++++ SUPPLIED RECORDS ++++
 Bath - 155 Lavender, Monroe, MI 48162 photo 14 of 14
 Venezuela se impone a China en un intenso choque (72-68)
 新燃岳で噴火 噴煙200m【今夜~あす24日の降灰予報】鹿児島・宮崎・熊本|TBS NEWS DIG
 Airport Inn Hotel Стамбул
++++
++++ SUPPLIED RECORDS ++++
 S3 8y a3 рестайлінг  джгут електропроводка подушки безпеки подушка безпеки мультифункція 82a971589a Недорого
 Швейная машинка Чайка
++++
++++ SUPPLIED RECORDS ++++
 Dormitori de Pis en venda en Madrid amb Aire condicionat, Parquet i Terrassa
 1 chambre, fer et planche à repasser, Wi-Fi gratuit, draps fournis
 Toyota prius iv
++++
■ TASK GOAL
Within the data above, the lines from the one with "新燃岳で噴火 噴煙200m【今夜~あす24日の降灰予報】鹿児島・宮崎・熊本|TBS NEWS" to the one with "Airport Inn Hotel Стамбул" must be repeated exactly; no other line belongs in the answer.

■ EXPECTED ANSWER
 新燃岳で噴火 噴煙200m【今夜~あす24日の降灰予報】鹿児島・宮崎・熊本|TBS NEWS DIG
 Airport Inn Hotel Стамбул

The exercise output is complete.